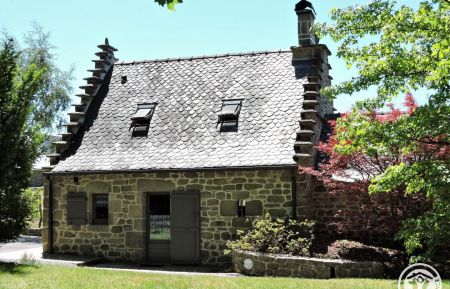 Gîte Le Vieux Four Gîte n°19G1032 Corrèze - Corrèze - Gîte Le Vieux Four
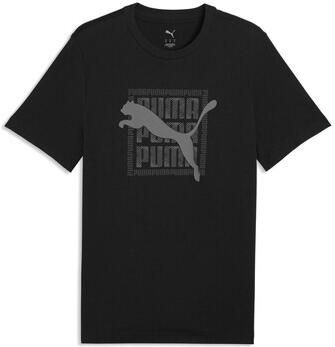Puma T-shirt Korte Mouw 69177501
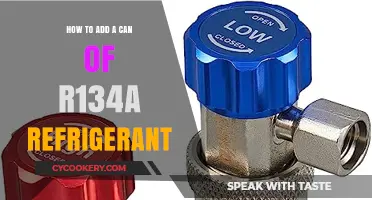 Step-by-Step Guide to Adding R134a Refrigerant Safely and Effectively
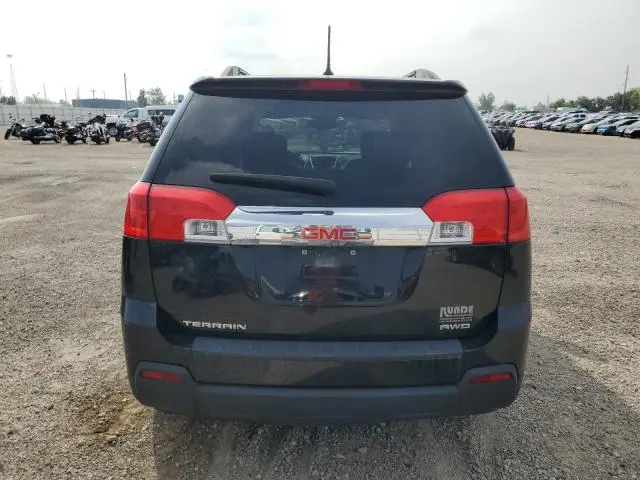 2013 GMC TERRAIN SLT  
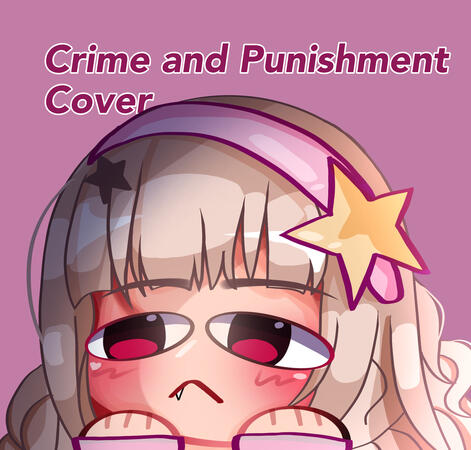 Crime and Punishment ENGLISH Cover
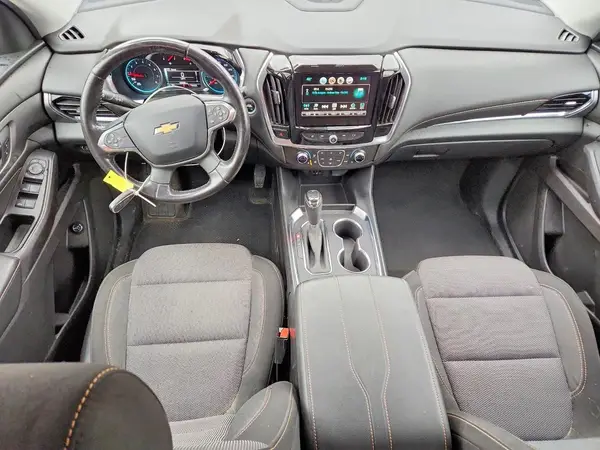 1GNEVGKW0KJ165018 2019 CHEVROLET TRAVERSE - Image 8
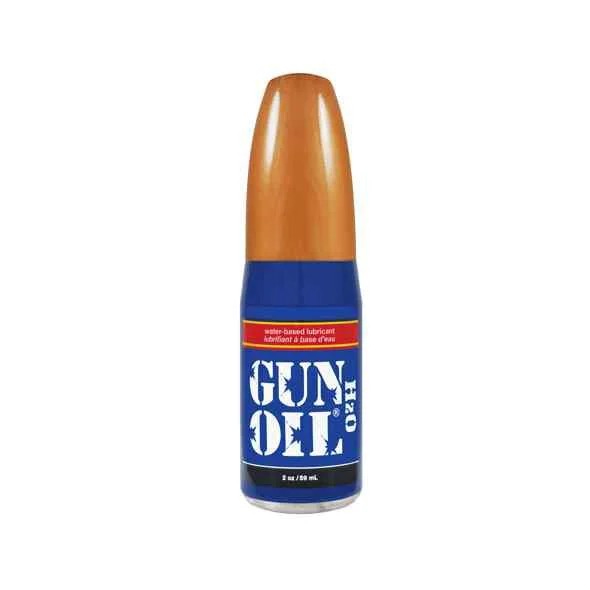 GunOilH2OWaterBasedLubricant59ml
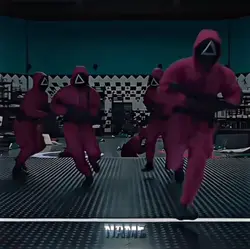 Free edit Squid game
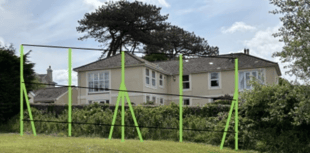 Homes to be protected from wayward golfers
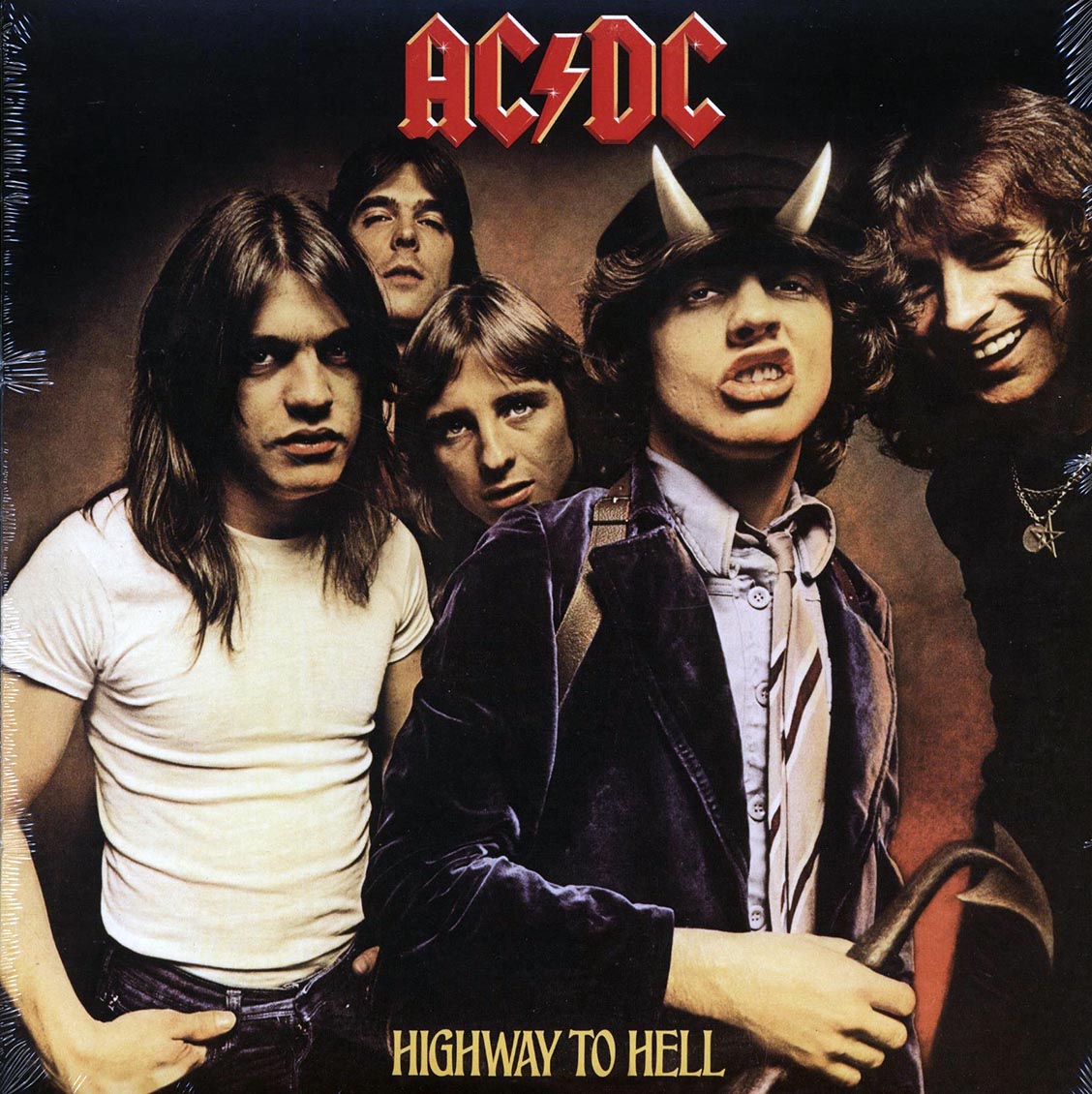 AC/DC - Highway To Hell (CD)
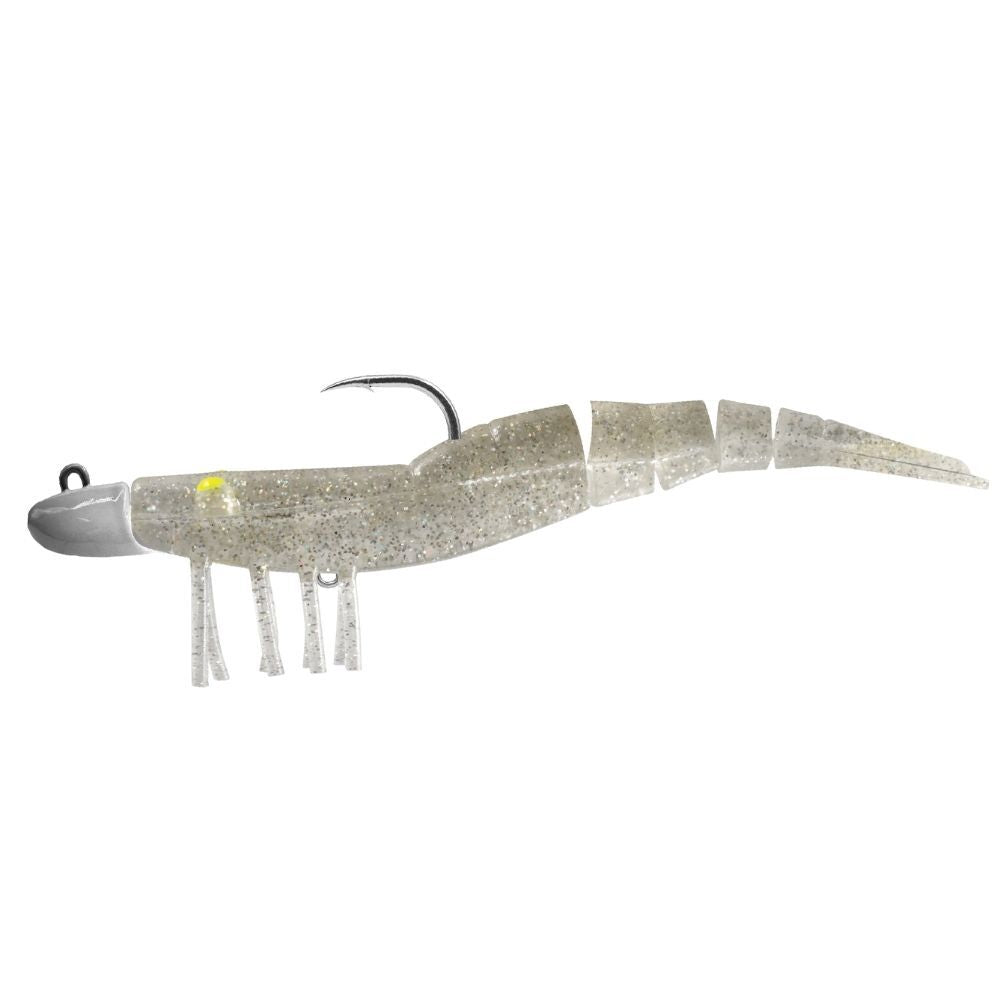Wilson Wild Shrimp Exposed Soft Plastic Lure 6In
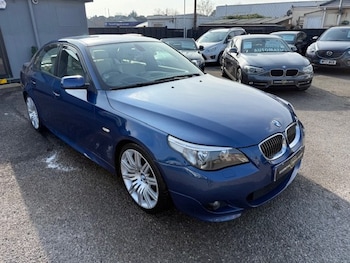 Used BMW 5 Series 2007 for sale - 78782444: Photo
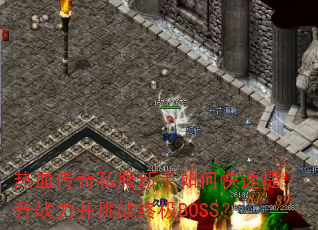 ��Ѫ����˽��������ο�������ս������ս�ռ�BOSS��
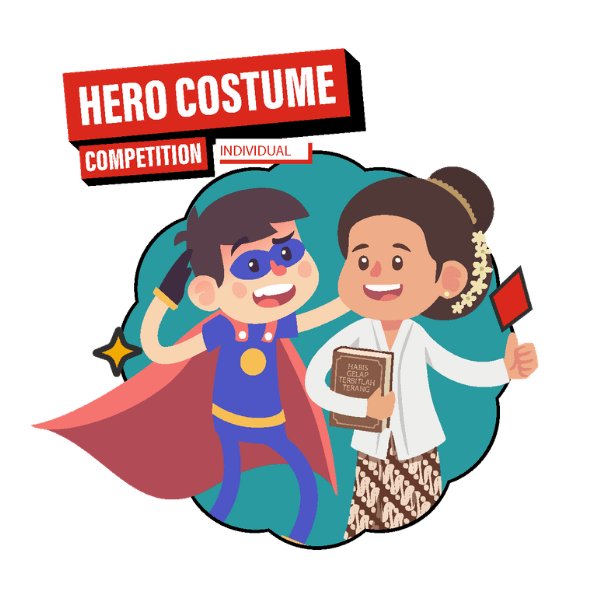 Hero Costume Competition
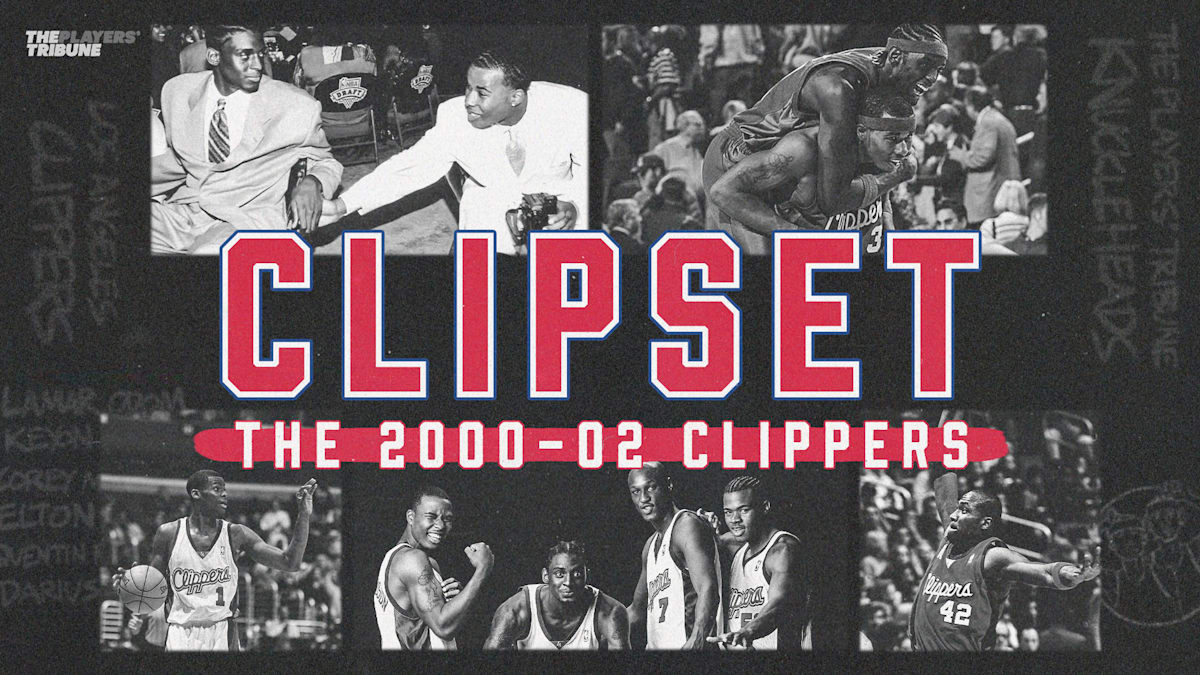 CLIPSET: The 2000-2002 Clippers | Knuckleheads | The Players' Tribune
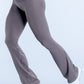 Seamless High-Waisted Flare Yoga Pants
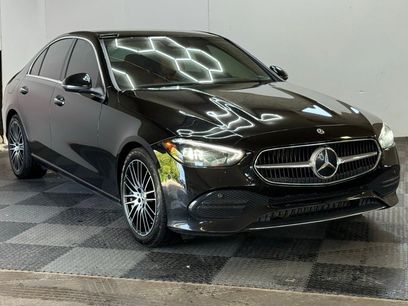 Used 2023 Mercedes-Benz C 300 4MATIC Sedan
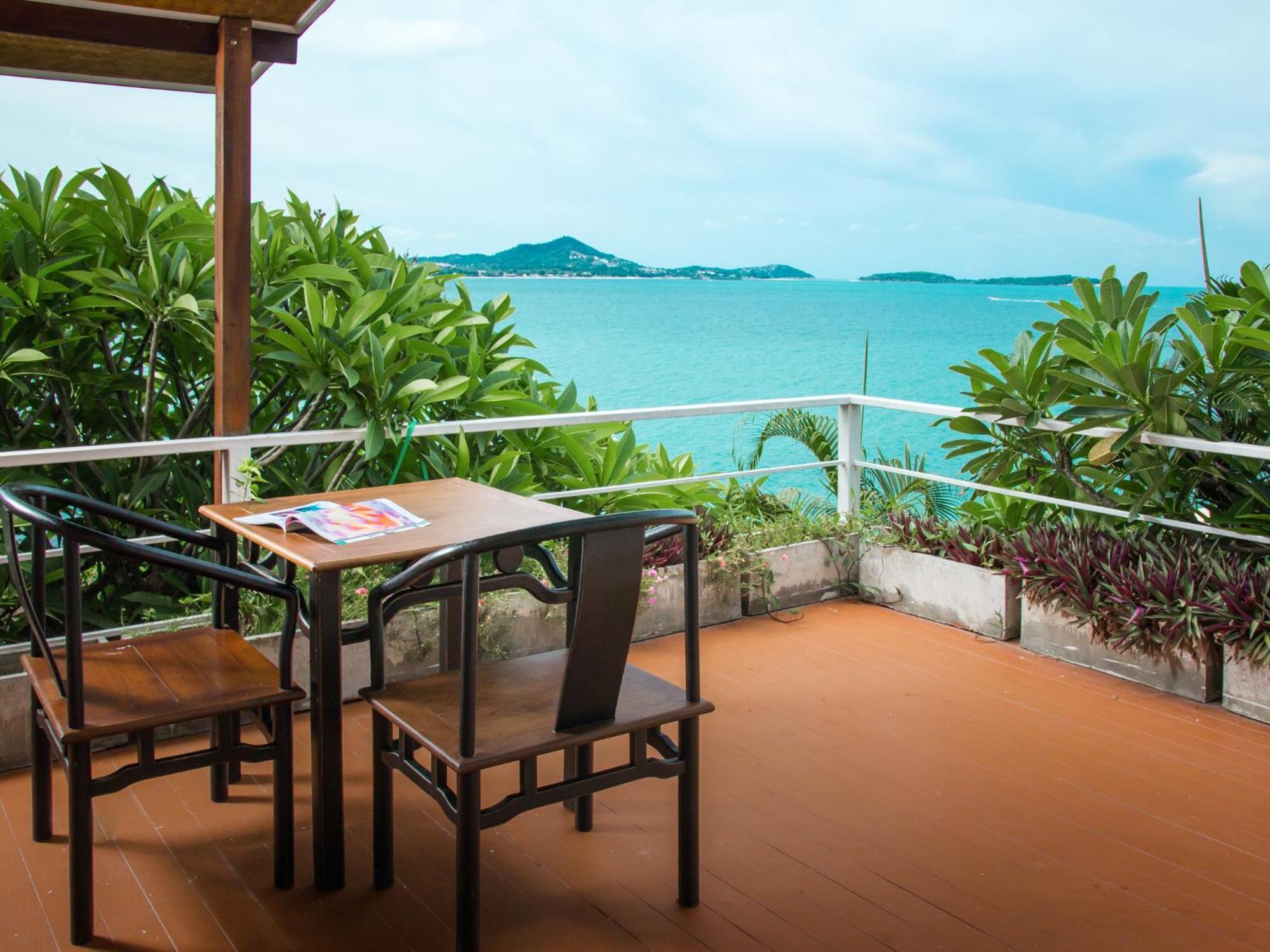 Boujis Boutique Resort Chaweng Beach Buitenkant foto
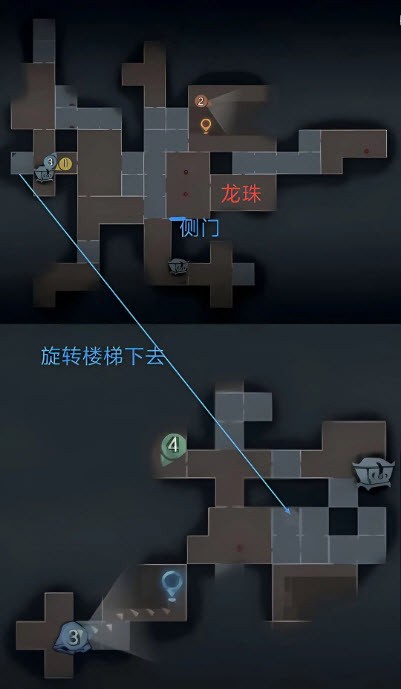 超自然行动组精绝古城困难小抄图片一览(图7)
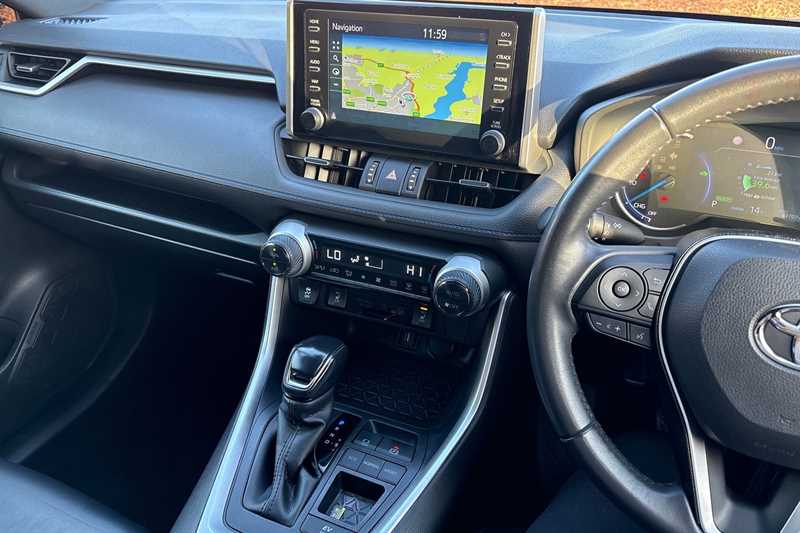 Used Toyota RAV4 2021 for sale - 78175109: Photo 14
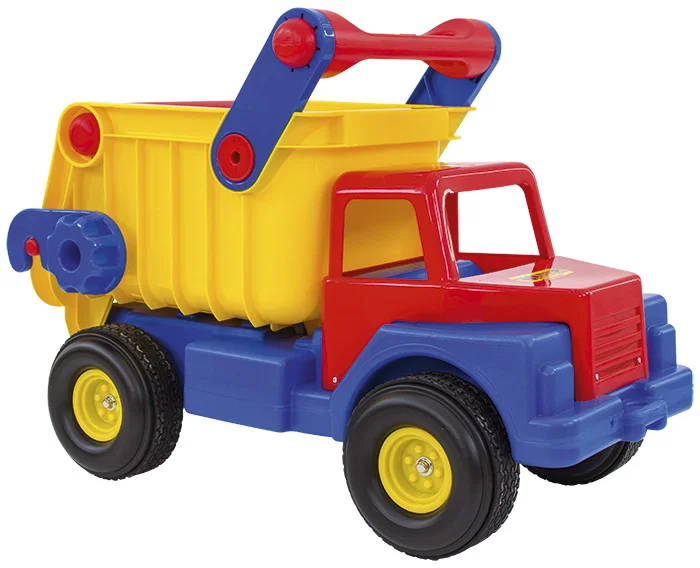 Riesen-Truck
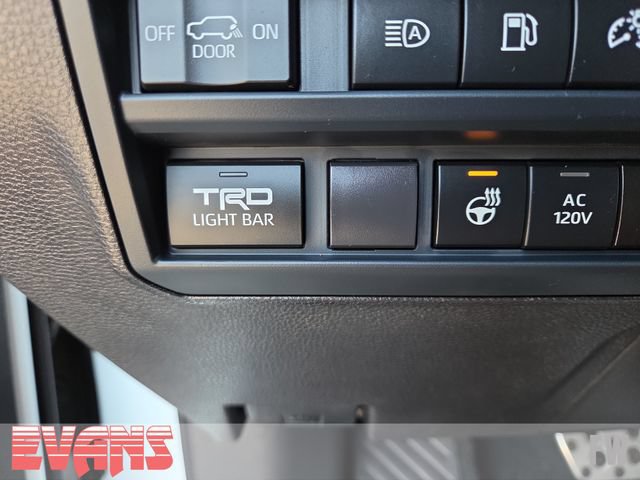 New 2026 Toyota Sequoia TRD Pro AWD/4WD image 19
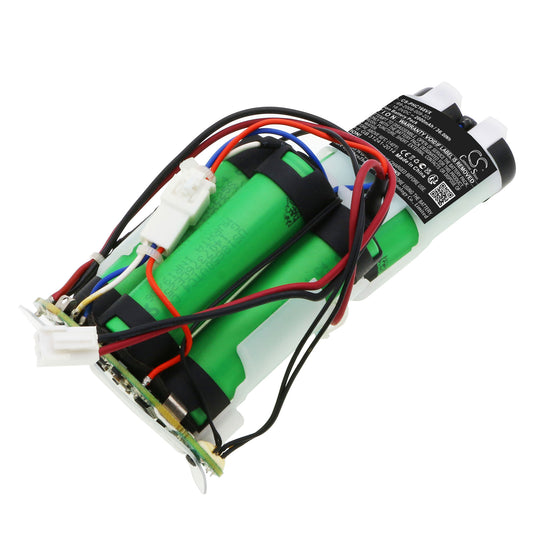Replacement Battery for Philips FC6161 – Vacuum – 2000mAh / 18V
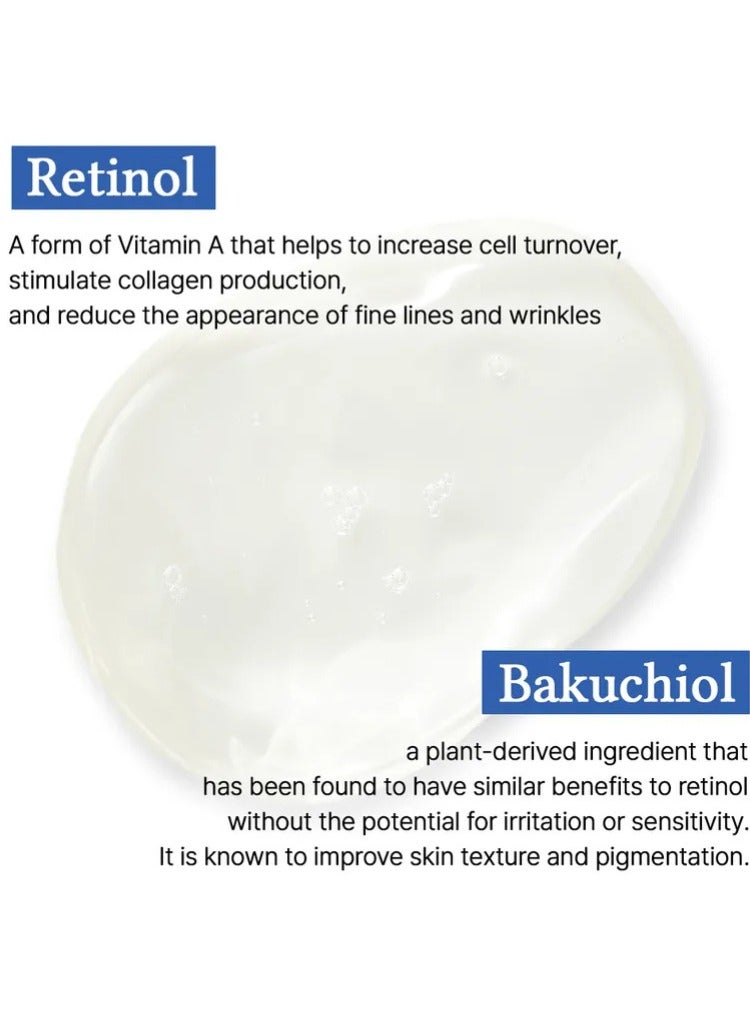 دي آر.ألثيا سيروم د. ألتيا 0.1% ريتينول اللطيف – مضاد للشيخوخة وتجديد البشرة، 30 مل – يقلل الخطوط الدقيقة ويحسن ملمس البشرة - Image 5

◆ **WHAT IS BEING ASKED**
Output all of the listing above, exactly as given, but without its pictures.

◆ **REPLY TO THE EXERCISE**
 Gîte Le Vieux Four Gîte n°19G1032 Corrèze - Corrèze - Gîte Le Vieux Four
Puma T-shirt Korte Mouw 69177501
 Step-by-Step Guide to Adding R134a Refrigerant Safely and Effectively
 2013 GMC TERRAIN SLT  
 Crime and Punishment ENGLISH Cover
 1GNEVGKW0KJ165018 2019 CHEVROLET TRAVERSE - Image 8
 GunOilH2OWaterBasedLubricant59ml
 Free edit Squid game
 Homes to be protected from wayward golfers
 AC/DC - Highway To Hell (CD)
Wilson Wild Shrimp Exposed Soft Plastic Lure 6In
 Used BMW 5 Series 2007 for sale - 78782444: Photo
 ��Ѫ����˽��������ο�������ս������ս�ռ�BOSS��
 Hero Costume Competition
 CLIPSET: The 2000-2002 Clippers | Knuckleheads | The Players' Tribune
 Seamless High-Waisted Flare Yoga Pants
 Used 2023 Mercedes-Benz C 300 4MATIC Sedan
 Boujis Boutique Resort Chaweng Beach Buitenkant foto
 超自然行动组精绝古城困难小抄图片一览(图7)
 Used Toyota RAV4 2021 for sale - 78175109: Photo 14
 Riesen-Truck
 New 2026 Toyota Sequoia TRD Pro AWD/4WD image 19
Replacement Battery for Philips FC6161 – Vacuum – 2000mAh / 18V
 دي آر.ألثيا سيروم د. ألتيا 0.1% ريتينول اللطيف – مضاد للشيخوخة وتجديد البشرة، 30 مل – يقلل الخطوط الدقيقة ويحسن ملمس البشرة - Image 5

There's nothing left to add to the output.